Not only that, the same study found that an overwhelming 92 percent of marketing directors with first-hand custom publication experience rated custom publishing effective at relationship building, with 88 percent reporting it effective at generating loyalty, and 83 percent rating it effective at client retention.

OUTSOURCING IS IN

Custom publishing researchers have also turned their attention to the issue of staffing, which generally falls into two main categories: in-house production and outsourcing to professional custom agencies. Right now, according to the CPC–Publications Management study, a majority of companies choose to publish in-house, spending much of their collective $29 billion in custom-publishing expenditures on in-house publishing staff.

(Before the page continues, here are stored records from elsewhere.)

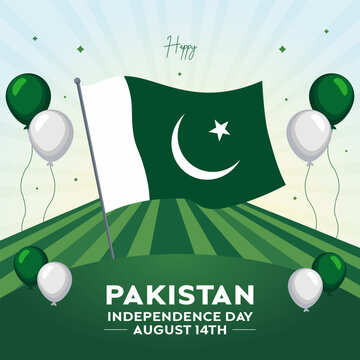 Happy Pakistan Independence Day August 14th with Pakistan waving flag baloon and field background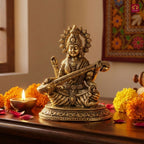 Brass Saraswati Idol - 6.5cm | Antique Finish | Spritual use for Home,Temple & Car Dashboard Decor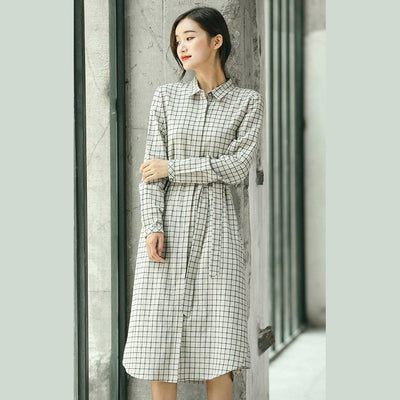 2018 Plaid fall casual linen dress baggy turn-down Collar linen dress - SooLinen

But that comes at a price: According to the same study, as general customer-magazine quality has increased, and with it higher target-audience expectations, companies that publish in-house must dedicate significantly more staff-hours to keep pace—spending 31 percent more time than they did two years ago.

As a result, outsourcing has increased dramatically in the last few years in order to handle U.S. companies’ myriad custom publishing needs, which include everything from glossy customer magazines and newsletters to snappy websites, e-newsletters, and annual reports. Publications Management found that 40 percent of leading companies now use external publishing agencies.

And companies that outsource are leveraging a beneficial custom-publishing trend: Since the custom publishing boom, custom publishers have increased the value they place on their staff. Once seen as the poor relations of consumer newsstand titles, custom publishing agencies now draw from the same creative talent pools as newsstand publications.

CASES IN POINT

One of the benefits of outsourcing, of course, is that many custom publishers track content-effectiveness results on their clients’ behalf, a rich pool of helpful data which the CPC now collects.

Take Charles Schwab’s On Investing, for example. Research found that 83 percent of recipients report that, as a result of reading On Investing, they are “more educated investors” and “more aware of Schwab services.” Nearly 40 percent said they would consolidate more assets at Schwab.

In the auto industry, Lexus magazine readers reported similarly high levels of customer engagement: 73 percent of readers shared the magazine with their family or friends; 87 percent of readers found the articles to be relevant or useful; and 89 percent of readers said that they enjoyed reading some or all of the articles.

And on the retail front, The Home Depot’s custom publisher, which produces Style Ideas magazine for its client, found that the magazine helps drive the retailer’s décor-related sales. In one survey, 40 percent of customers said they were likely to embark on a project featured in the magazine, and 98 percent said they found Style Ideas useful.